Plot: Professor Joyce Reardon (Nancy Travis) is a psychology instructor with an intense interest in the supernatural, especially the infamous Rose Red, a notorious house that has long been considered to be haunted. But Reardon is convinced that Rose Red is now a dead cell in terms of paranormal activities, so she plans to assemble a team to go inside, just before it is demolished. She has a wide scope of gifted psychics, each skilled in a unique field, but she is certain she needs the presence of Annie, a young girl with some remarkable psychic abilities. After a confrontation with her boss, who feels this Rose Red expedition will discredit her work and the university at large, Reardon refuses to back down and heads to the house, with her squad in tow. But will Annie be able to take part in this paranormal adventure and if so, will Reardon find what she’s after inside Rose Red or will she uncover a much darker truth?

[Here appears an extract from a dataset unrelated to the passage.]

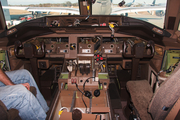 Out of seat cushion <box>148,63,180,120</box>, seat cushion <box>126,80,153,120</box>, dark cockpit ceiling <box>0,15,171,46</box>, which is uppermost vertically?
dark cockpit ceiling <box>0,15,171,46</box>

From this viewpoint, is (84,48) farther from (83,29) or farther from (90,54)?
(83,29)

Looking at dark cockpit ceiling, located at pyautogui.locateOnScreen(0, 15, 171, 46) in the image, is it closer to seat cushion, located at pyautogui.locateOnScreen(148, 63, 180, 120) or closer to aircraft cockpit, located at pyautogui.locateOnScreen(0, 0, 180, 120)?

Entertainment Value: This television mini-series event was written by Stephen King and has an impressive cast involved, but Rose Red winds up as a run of the mill haunted house tale and little more. As Rose Red runs four hours in duration, it tends to feel a little bloated and while I don’t think a lot of time is wasted, there is a good amount of filler and scenes that don’t add much to the experience. The narrative is solid and has a lot of potential, but doesn’t have the depth to support the extensive run time and feels thin in most sequences. Rose Red works well at times however, with some good atmosphere and eerie touches, not to mention a good cast that is head and shoulders above the usual made for television projects. I think the build up to the arrival at the house is well done, as we’re able to learn a little about the characters and the history of Rose Red, but the exposition never feels dense or oppressive. That is no simple task and this movie nails it, but then starts to slow down once we reach Rose Red and as time passes inside the house, the quality drops off more and more. I do think the movie rights the course a little toward the finale, but the conclusion is rather bland and predictable, which is a shame, after four hours of commitment.

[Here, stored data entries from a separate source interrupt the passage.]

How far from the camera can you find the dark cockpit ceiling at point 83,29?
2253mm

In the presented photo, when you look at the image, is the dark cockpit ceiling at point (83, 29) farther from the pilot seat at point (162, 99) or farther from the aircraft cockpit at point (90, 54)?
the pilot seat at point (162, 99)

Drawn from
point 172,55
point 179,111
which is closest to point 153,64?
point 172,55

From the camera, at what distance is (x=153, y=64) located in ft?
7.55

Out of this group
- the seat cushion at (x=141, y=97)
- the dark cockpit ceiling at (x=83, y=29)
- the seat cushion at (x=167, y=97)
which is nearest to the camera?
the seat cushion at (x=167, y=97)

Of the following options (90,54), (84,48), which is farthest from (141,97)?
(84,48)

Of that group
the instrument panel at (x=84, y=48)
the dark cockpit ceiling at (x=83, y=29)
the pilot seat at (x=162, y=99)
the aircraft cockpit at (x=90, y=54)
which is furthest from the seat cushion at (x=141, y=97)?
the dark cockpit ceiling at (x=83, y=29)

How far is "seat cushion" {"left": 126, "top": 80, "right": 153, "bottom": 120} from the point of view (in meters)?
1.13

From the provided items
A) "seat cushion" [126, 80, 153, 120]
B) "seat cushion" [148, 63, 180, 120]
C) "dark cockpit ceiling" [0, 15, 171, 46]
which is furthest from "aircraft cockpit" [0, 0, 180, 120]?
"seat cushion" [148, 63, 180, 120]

The other main issue with Rose Red is that as a made for television production, the limitations are rather strict and the movie struggles to deliver scares, since there’s little room for horrific elements. I’ve seen haunted houses that lean on atmosphere and simple tricks to build an effective mood, but that is harder to pull off than it sounds and Rose Red is unable to make it work. The tension is solid at times and the few flashes of genuine horror are fun, but I think the mostly family friendly approach that the platform demands compromised the scare potential. But even the lackluster, generic scenes tend to come off as watchable thanks to the cast, which as I said before, is much better than you might expect. Nancy Travis has the central role, but she is surrounded by a great supporting ensemble with no real weak links. Travis is solid, but it is her costars that stand out and with Julian Sands, Emily Deschanel, Kevin Tighe, Melanie Lynskey, David Dukes, and Matt Ross on deck, that is no surprise. The movie is careful to give everyone enough chances to shine and the cast makes the most of those opportunities, though they take different approaches. For instance, Lynskey and Deschanel take more a restrained, natural tone, while Sands and Ross dial up the camp a little, especially Ross in a few scenes where he really goes over the top. I’d easily rank the cast as one of the best parts of Rose Red. In the end, there are enough small bursts of fun to recommend Rose Red to fans of Stephen King and haunted house sagas, but keep your expectations in check, as it is rather inconsistent.